A New Medicine for Psoriatic Arthritis?

  1. Jeffrey P. Callen, MD

Brodalumab may well become available as a new therapy for our patients with psoriatic arthritis.

  1. Jeffrey P. Callen, MD

Psoriatic arthritis continues to be associated with morbidity and deformity despite multiple agents for its management (e.g., tumor necrosis factor inhibitors, other biologic agents, the recently approved oral agent apremilast). Therefore, development of new agents with alternate mechanisms of action remains necessary. To that end, investigators tested the benefits for psoriatic arthritis of brodalumab, a human monoclonal antibody against the interleukin-17 receptor A that is currently under development for psoriasis.
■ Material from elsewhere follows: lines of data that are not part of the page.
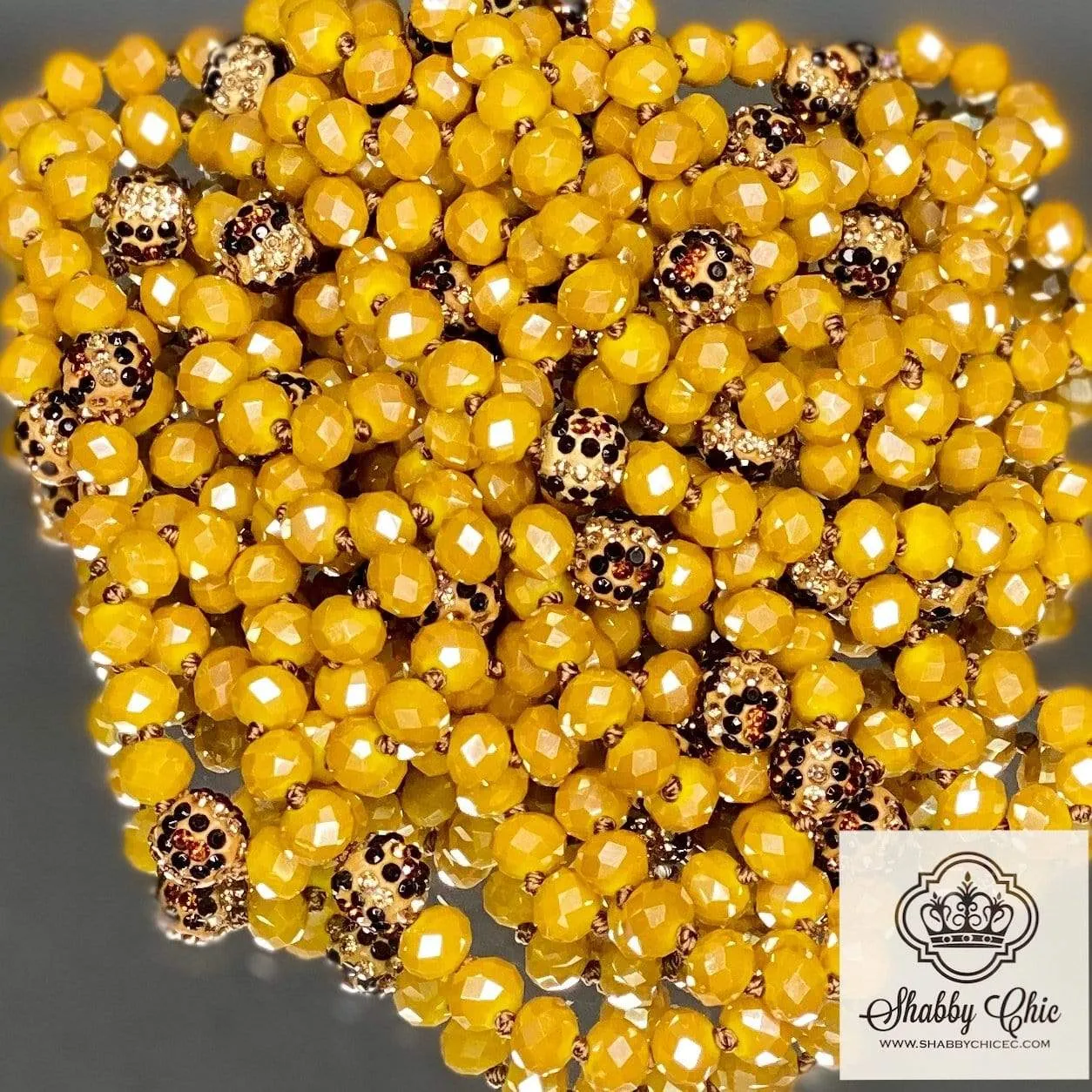 60" Crystal Necklace - Mustard and Leopard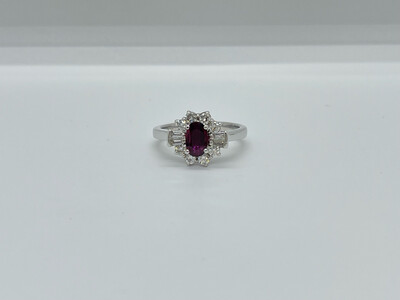 18ct White Gold Ruby And Diamond Cluster Ring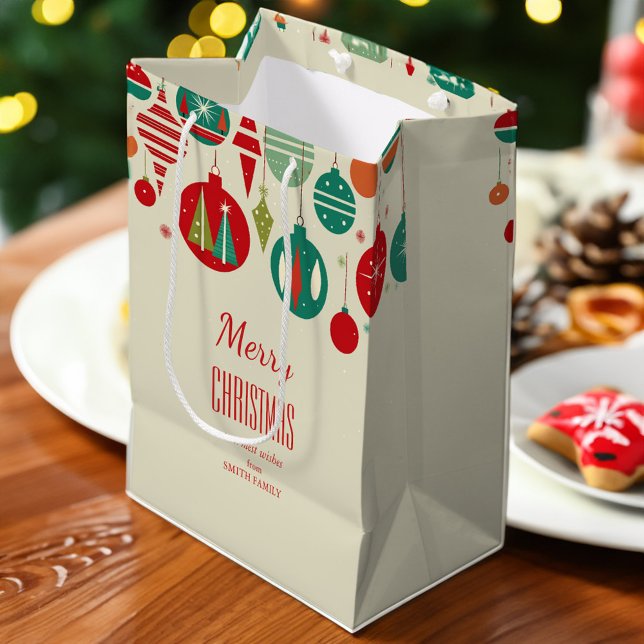 Sacola Para Presentes Média Feliz Natal - Retrô de Meia-Sétima Simples (Merry Christmas modern retro midcentury baubles simple beige Medium Gift Bag)
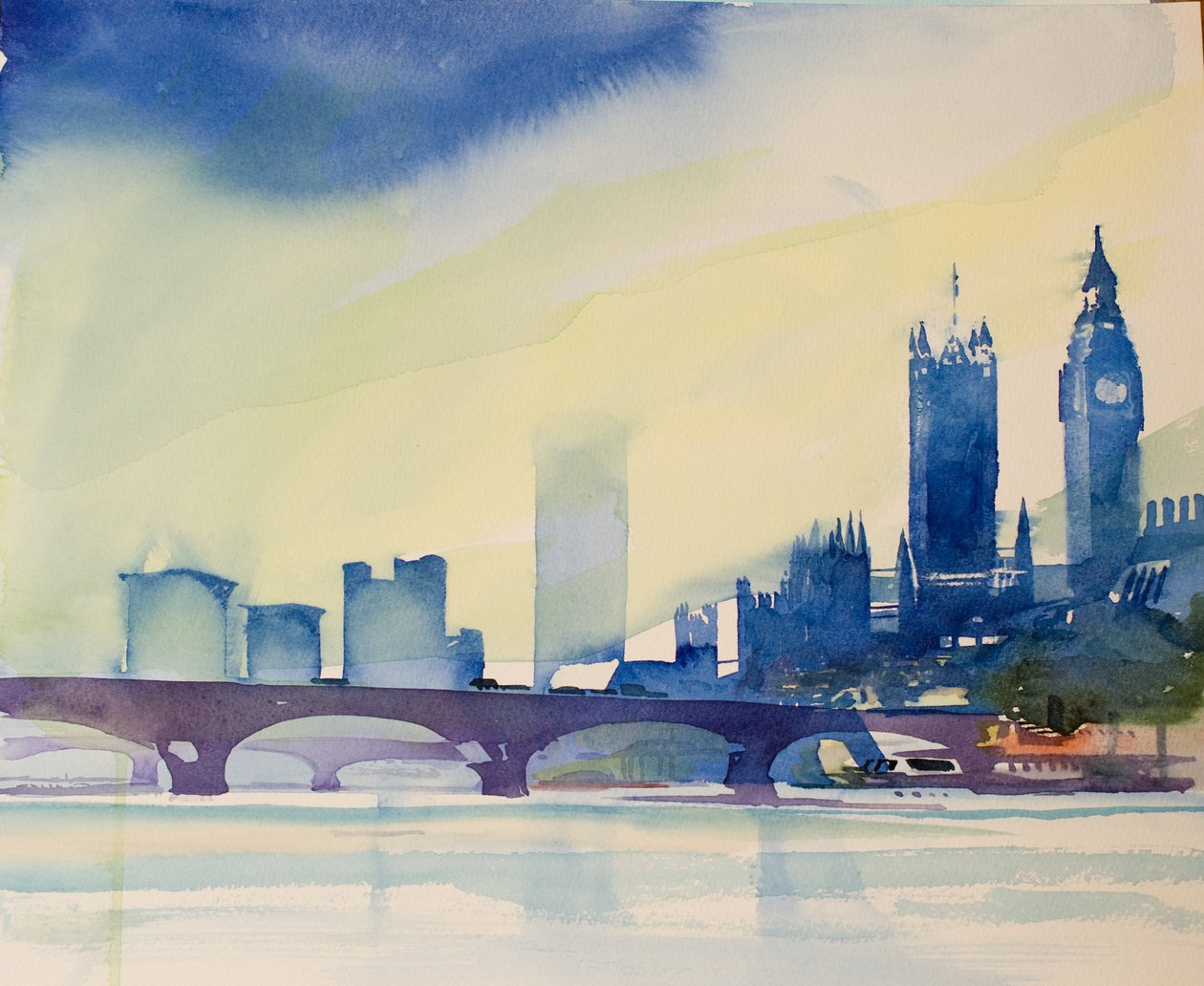 Westminster från gångbron, 2016 (akvarell) av Simon Fletcher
In a multi-institutional, randomized, placebo-controlled phase 2 study, 168 patients received placebo or brodalumab 140 mg or 280 mg weekly for the first 2 weeks, then biweekly (total, 7 doses). At week 12, remaining participants could join an open-label extension trial of 280 mg every other week for up to 52 weeks. Patients were allowed to continue low doses of corticosteroids and methotrexate.
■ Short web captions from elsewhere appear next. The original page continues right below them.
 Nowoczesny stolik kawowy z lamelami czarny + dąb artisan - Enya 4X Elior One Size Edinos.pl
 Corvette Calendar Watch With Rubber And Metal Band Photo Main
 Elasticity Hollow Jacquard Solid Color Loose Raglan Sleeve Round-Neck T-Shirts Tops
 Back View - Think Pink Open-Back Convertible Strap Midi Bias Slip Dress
Brodalumab significantly improved psoriatic arthritis at week 12 compared with placebo, as measured by the primary end point — 20% improvement in the American College of Rheumatology response criteria (ACR 20). Rates of 50% improvement were also significantly higher in the treatment groups. Efficacy continued throughout the extension period, but improvement ceased or declined near the end of the extension in patients who had received 280 mg from study onset. Changes in methotrexate or corticosteroid doses during the study were not mentioned. This study did not assess the response of associated skin disease. Serious adverse reactions occurred in 3% of the patients on active drug versus 2% of those on placebo.

Comment

Brodalumab improvement scores compare to those of other currently available agents. Adverse reactions were uncommon and occurred in roughly equal numbers of active treatment and placebo recipients. However, this study was not designed to assess safety, as its numbers are small. These results suggest that brodalumab may well become available as a new therapy for our patients with psoriatic arthritis.

  • Disclosures for Jeffrey P. Callen, MD at time of publication Consultant / Advisory board XOMA; Eli Lilly Equity Various trust accounts Editorial boards JAMA Dermatology; UpToDate; Journal of Rheumatology; Psoriasis Forum; Journal of Drugs in Dermatology; eMedicine

Citation(s):

Reader Comments (2)

ebrahimi ali asghar Physician, Rheumatology, Tabriz- IRAN ( Emam Reza theaching Hospital)

Thanks for your nice & new work about old disease( psoriasis).
please let me tow Q:
1- Your cases were advanced or new Psoriasis
2- what about serious adverse reactions

Dr. Malik, MD Resident, Cardiology, Foundation University College

Great new prospect in psoriasis but still needs some work done.